Notre métier d’avocat, quand il est bien pratiqué, ne fait pas de nous des ennemis, mais des adversaires redoutables. Nous confrontons des idées, nous opposons des concepts, nous argumentons, nous interprétons la loi, nous faisons de la prévention, nous réglons des conflits, nous obtenons justice ou réparation pour notre client.
Lorsque nous dépersonnalisons le conflit pour l’élever à un niveau supérieur, au niveau de la règle de droit, les avocats deviennent des confrères et des consoeurs.
Il n’y a pas eu d’étincelle ni d’escarmouche. Quelques avocasseries, mais qui n’ont jamais mis à bout de patience les avocats présents. (Mettez mille avocats dans une salle et vous savez que tout peut arriver.) Nous avions un auditoire attentif et respectueux. Les arguments de ceux qui ont pris la parole se sont situés presque toujours au niveau du droit.
Chapeau aux avocats qui se sont déplacés de très loin, de l’Abitibi, du Bas-Saint-Laurent, de Sept-Îles. Bien sûr, tous ne pouvaient être présents. Nous pouvions avoir un tas de raisons valables pour être dans l’impossibilité d’y assister; raisons personnelles, familiales, professionnelles ou de santé, conflits d’horaire, engagements autres, vacances, voyages. Et que dire de ceux qui exercent dans environ 80 pays différents autres que le Canada?
Beaucoup d’intervenants ont souhaité de nouvelles élections pour tous les membres du CA.
Le vice-président a mentionné que la législation ne le permet pas. Parfait. Mais est-ce possible de faire adopter un décret qui le permettrait rapidement? À problème exceptionnel, solution exceptionnelle! Estce possible d’obtenir une dérogation? Estce possible par entente privée et sous l’autorité et l’aval de l’Office des professions de procéder à de nouvelles élections? Je ne suis pas persuadé que nous avons évalué sérieusement toutes les options.

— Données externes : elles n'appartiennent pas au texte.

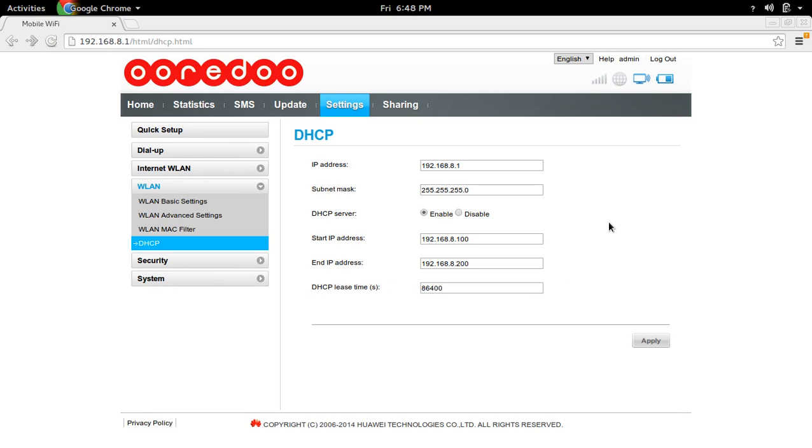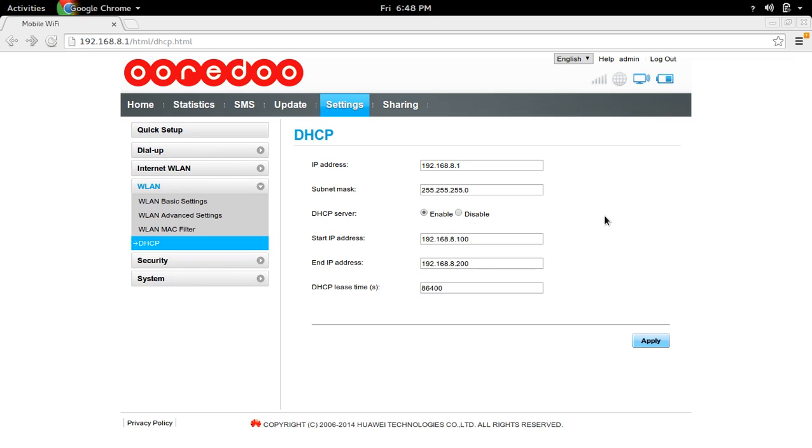If you want to disable DHCP server which is running in this Wi-Fi router, you can select disable. If you want to enable the DHCP server, you have to select enable. Then select apply.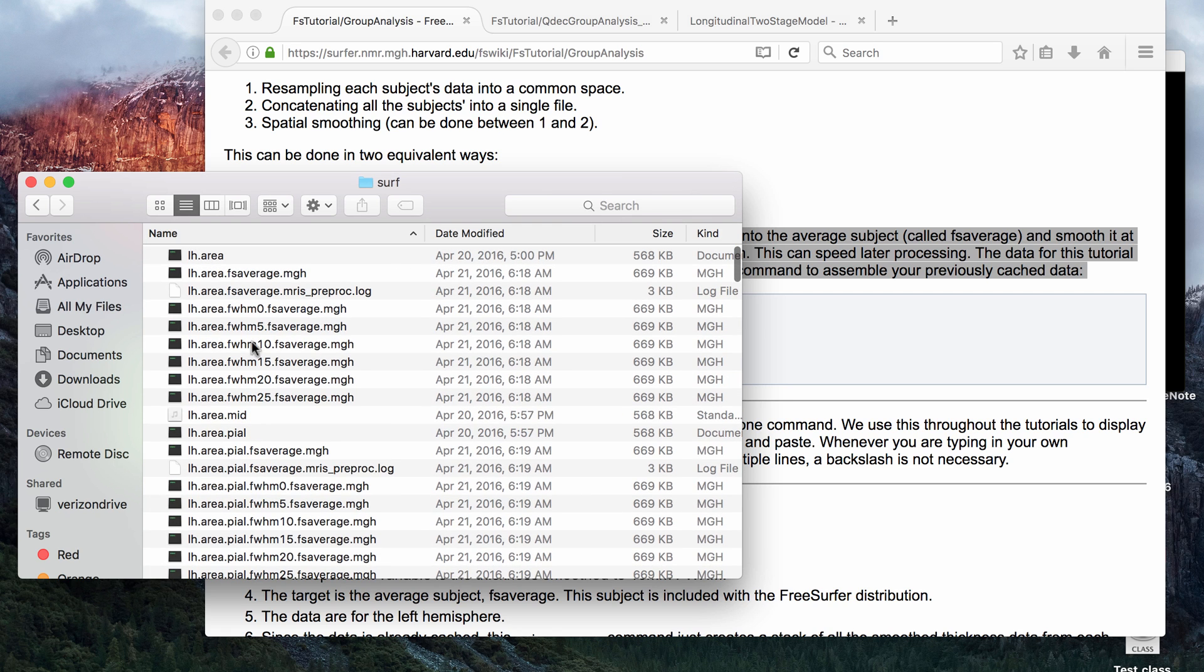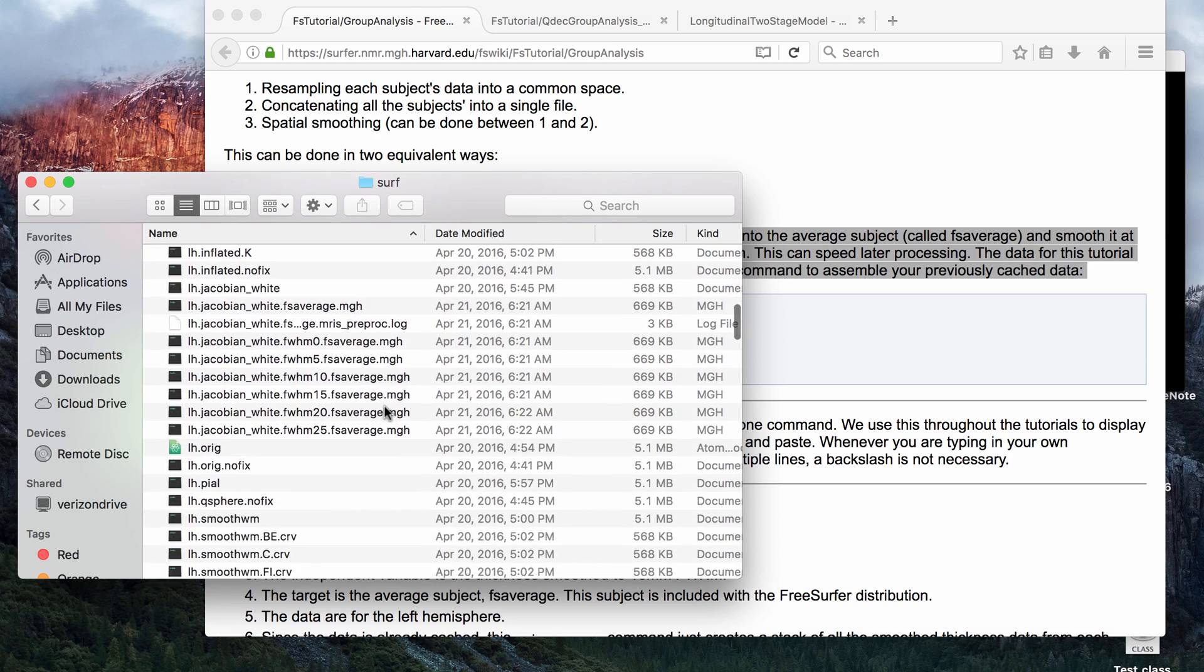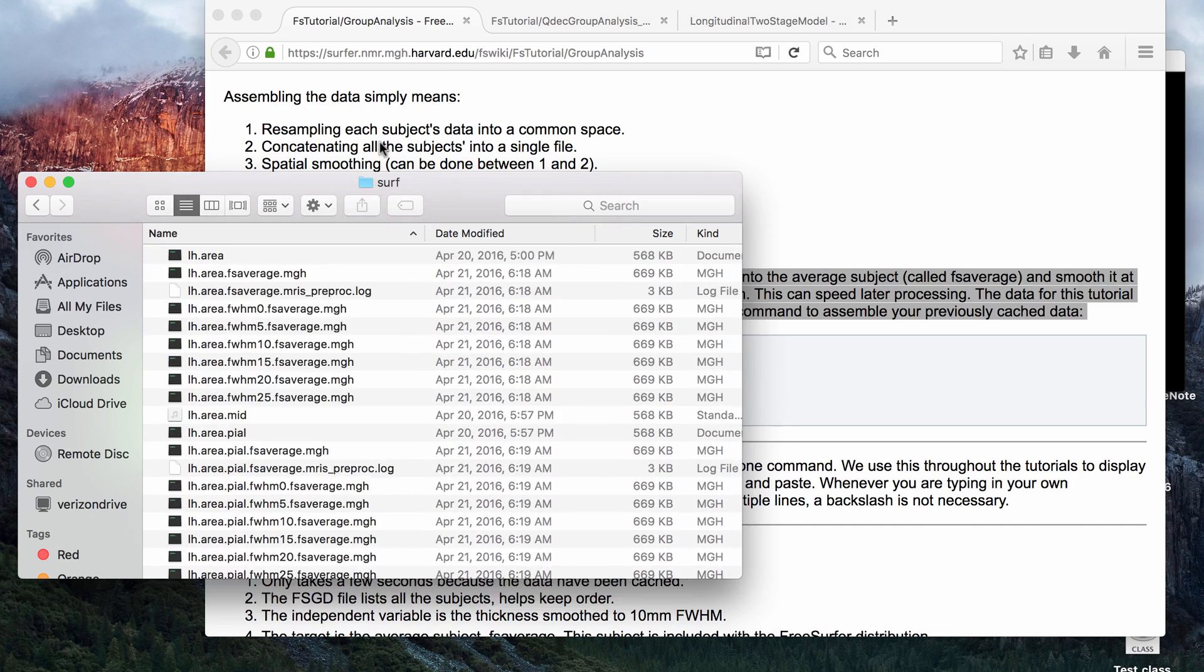now there are files that say full width half maximum, and then the millimeter of smoothing, and they also have FSAverage. These are the extra files that are created from the Qcache command.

À défaut de pouvoir retourner en élections, les membres du CA qui se déclareront incapables de travailler avec madame la bâtonnière n’auront d’autre choix que de démissionner.

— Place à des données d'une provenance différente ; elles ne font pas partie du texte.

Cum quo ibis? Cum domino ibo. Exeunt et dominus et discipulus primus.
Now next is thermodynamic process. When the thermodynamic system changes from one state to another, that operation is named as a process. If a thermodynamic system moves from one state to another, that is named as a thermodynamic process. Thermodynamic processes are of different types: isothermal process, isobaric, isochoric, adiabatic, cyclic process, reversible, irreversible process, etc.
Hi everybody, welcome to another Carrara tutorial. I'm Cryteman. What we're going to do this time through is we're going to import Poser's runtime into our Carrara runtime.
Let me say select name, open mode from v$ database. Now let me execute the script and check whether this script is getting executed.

Le 22 mai dernier, Me Khuong a été élue à 62,9 % des voix et une majorité de 2683 votes. À l’assemblée extraordinaire, mieux, 68 % ont réitéré le fait que Me Khuong a la légitimité nécessaire pour occuper le poste de bâtonnière. Sérieux signal, n’est-ce pas. Et s’il y avait de nouvelles élections, je suis convaincu que Me Khuong obtiendrait encore un résultat supérieur.
D’ailleurs, parmi les intervenants qui ont pris le micro ou qui ont demandé la tenue de cette assemblée, plusieurs ont dit qu’ils n’avaient pas voté pour la bâtonnière, mais qu’aujourd’hui, ils l’appuient. C’est tout dire.
Dans une entrevue, questionné à propos des recommandations que pourrait faire le comité d’éthique et de déontologie appelé à se pencher sur les événements que nous connaissons tous, le vice-président avait mentionné sans détour que c’est le CA qui décide de la suite des choses. Cette fois-ci, à l’assemblée, ses propos ont été plus nuancés. «Nous vous avons entendus», a-t-il dit.
Les membres du CA doivent être à l’écoute des membres du Barreau qui les ont élus.
J’ai voté pour Me Khuong et j’ai travaillé fièrement pour elle.